It could be good corporate policy to prepare for global warming.
So, when I heard that CDP, a climate research group, had ranked corporate readiness for a low-carbon economy, I took a look. Their focus was 16 of the largest Consumer Goods companies.
Using a weighted average, CDP concluded that U.S. companies were the least ready to make the transition to a low-carbon economy. The Europeans fared better. You can see that Danone was at the top and Kraft Heinz at the bottom for the food and beverage companies:
Somewhat similarly, Unilever and L’Oréal topped the household and personal care products list:
Essentially we are just asking who is ready to make the transition to a lower emissions economy. The food companies have the biggest problems on the supply side because they depend on agriculture. Meanwhile the personal care companies have consumers to worry about. The concern here is the water and energy that their products require.
More precisely, CDP selected criteria in four areas::
- Companies had “transition risks” from raw material and emissions exposure.
- Their “physical risks” would come from water management problems.
- But, there were “transition opportunities” if they recognized consumer preferences and the potential of renewable energy.
- However, they had to have the appropriate “climate governance and strategy.” We could just say they needed the right corporate structure for a new strategy.
The report concluded that companies still had a long way to go.
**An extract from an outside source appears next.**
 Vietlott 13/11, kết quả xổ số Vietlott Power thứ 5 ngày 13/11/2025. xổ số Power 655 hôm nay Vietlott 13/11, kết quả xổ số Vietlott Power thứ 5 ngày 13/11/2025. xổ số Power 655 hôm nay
Yes, they were using less packaging and replacing petrochemicals. And, many recognized they needed more of a vegan identity. But instead of changing their core operations, they were acquiring smaller environmentally friendly brands. They point out that many were not positioned to respond to new consumer preferences.
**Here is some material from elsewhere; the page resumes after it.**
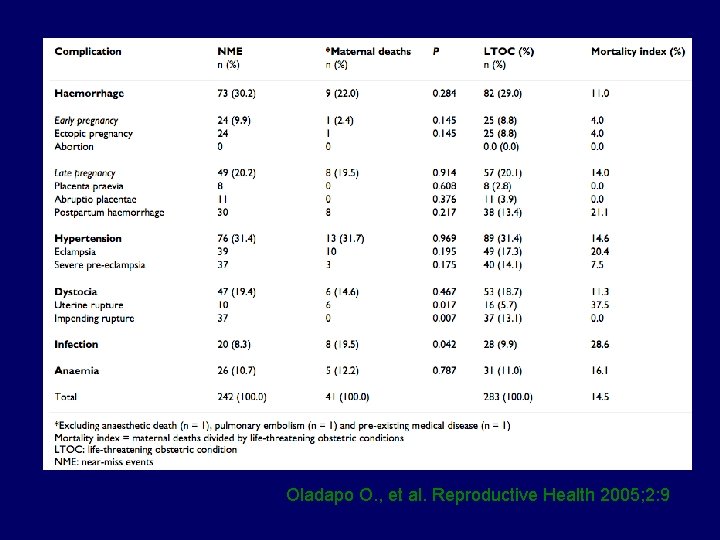 Oladapo O. , et al. Reproductive Health 2005; 2: 9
Our Bottom Line: Private Cost and Social Benefit
If we look back to the early and mid-19th century surge of canal building in the United States, the private firms that built them insufficiently profited. However, the social benefit of a canal network was immense. A canal network facilitated the regional specialization that propelled economic growth. Because of a canal network, we could move people and goods over a vast portion of the nation.
Now, with large consumer goods companies planning for global warming, I suspect similar questions are relevant. We can compare their private cost and societal impact. Our answers could lead us straight to the government subsidies that have been fueling environmentally friendly industries.
I assume though that Kraft’s Mac & Cheese is not due for a subsidy.
My sources and more: Listening to Bloomberg radio today, I heard about a new report from the CDP (originally the Carbon Disclosure Project). CDP is a highly rated climate change research group. The report ranked the carbon awareness of major consumer products firms.